Какой все-таки странный «инструмент» – память. Увидел тут в одном старом издании свою заметку о знакомстве с теперь уже давно покойным художником Алексеем Аникеенком (мы до нынешнего дня со слуха-то так и не знаем, как писать и произносить его фамилию, потому что он звался всеми по-разному: и Аникеенок, и Аникиёнок) и смутился. Отчего-то тогда, при старом воспоминании (а заметка писалась к уже посмертному изданию), мне казалось, что я узнал о его приезде в Псков от одного из наших художников – Алексея Кириллова, с которым мы работали в местной молодежной газете «Молодой Ленинец» и у родителей которого я снимал угол в деревянном доме на Запсковье. Может быть, это померещилось еще и потому, что потом их мастерские были рядом.
А вот теперь сразу и ясно вспоминаю, что узнал я об этом приезде от замечательного ученого и любимого всеми в Пскове человека, о котором теперь напоминает только мемориальная доска на доме, где он жил, – Евгения Александровича Маймина, солдата, литературоведа, однокашника и старого друга теперь всесветно известного (тогда часто гостившего в Пскове) Юрия Михайловича Лотмана, которого Евгений Александрович заманивал в Псков на счастливые и знаменитые тогда Пушкинские конференции. Я сдавал в те поры (это начало семидесятых) Евгению Александровичу свои заочные ВГИКовские (я там учился) зачеты по литературе, и мы часто виделись у общих знакомых.
Алексей Авдеевич приехал тогда в Псков, как писал потом в своих воспоминаниях об Аникеенке Евгений Александрович, с письмом «вдовы одного поэта». Осмотрительный Евгений Александрович знал в эти семидесятые, что еще не всех «одних поэтов» можно называть по имени, как и их вдов (может быть, как я теперь понимаю, заслонился при воспоминании о знакомстве другим именем).
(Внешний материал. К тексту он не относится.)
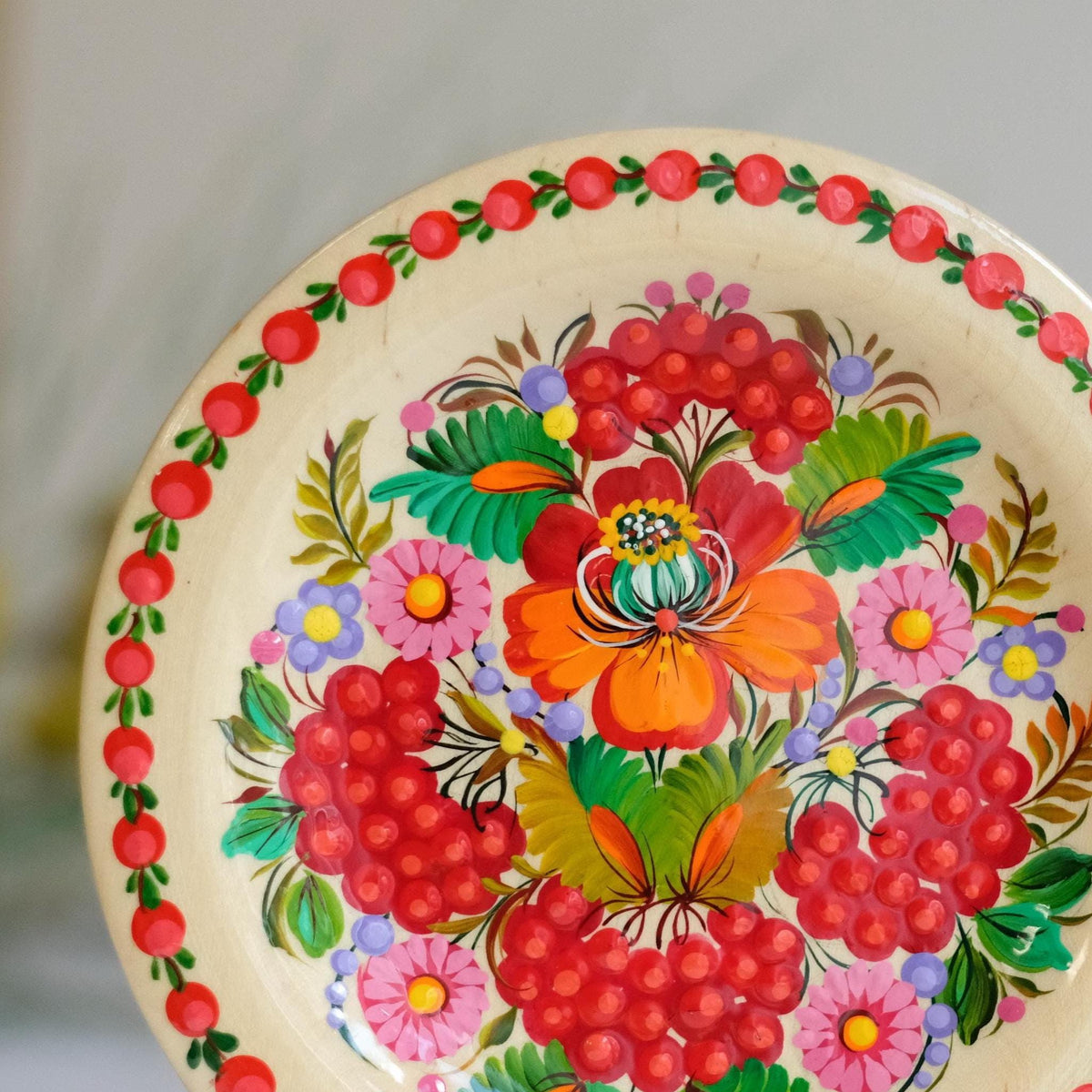 Painted Wooden Plate with Petrykivka Art 5.9 inches - Ukrainian Folk Art, with loop on the back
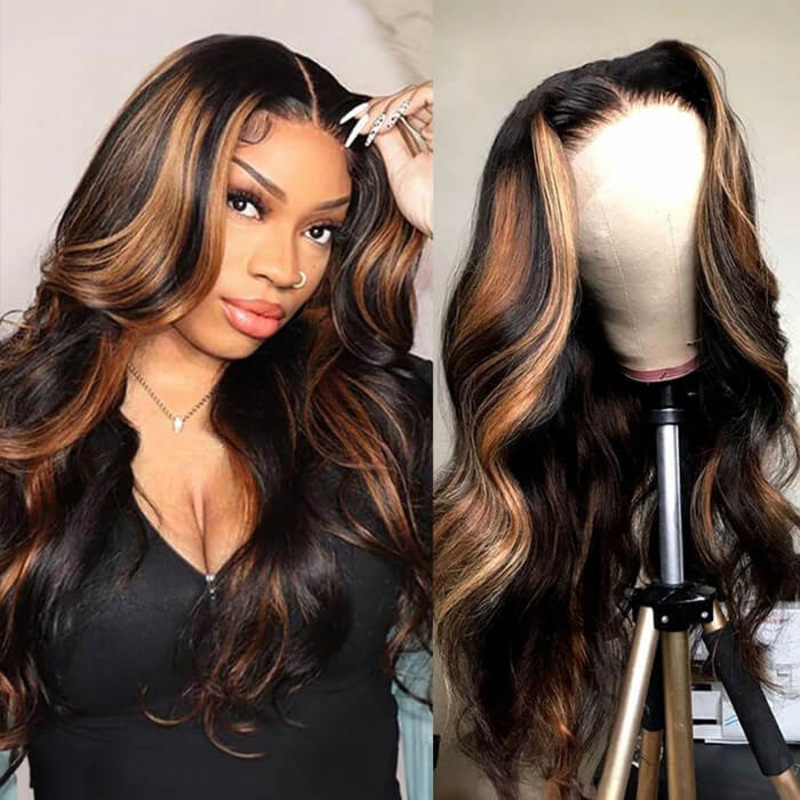 Balayage Highlight P1B/30 Body Wave 5×5 13×4 HD Undetectable Lace Front Wigs 100% Human Hair 16 5×5 Lace No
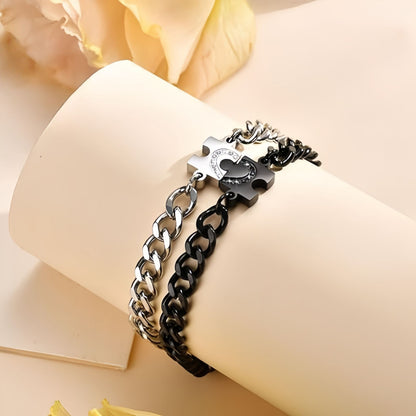Heart Puzzle Couple Bracelet Set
А рекомендательное-то письмо было от Надежды Яковлевны Мандельштам, которая и сама некоторое время «молчком» жила у Евгения Александровича в Пскове и вот теперь рекомендовала ему Алексея Авдеевича. Такое тогда было дорогое братство людей, знавших несчастье в лицо. Они пытались познакомить всех со всеми, чтобы быть вместе, потому, что слишком знали, что такое одиночество… Я так и не знаю и теперь уже и не узнаю, как свела судьба Надежду Яковлевну и Алексея Авдеевича, хотя догадываюсь, что не обошлось без участия великого физика Петра Леонидовича Капицы. Физики тогда были независимее нашего брата и опекали искусство, смевшее носить свое лицо. Борис Слуцкий за всех нас ворчал тогда: «Что-то физики в почете, что-то лирики в загоне. Дело не в простом расчете, дело – в мировом законе».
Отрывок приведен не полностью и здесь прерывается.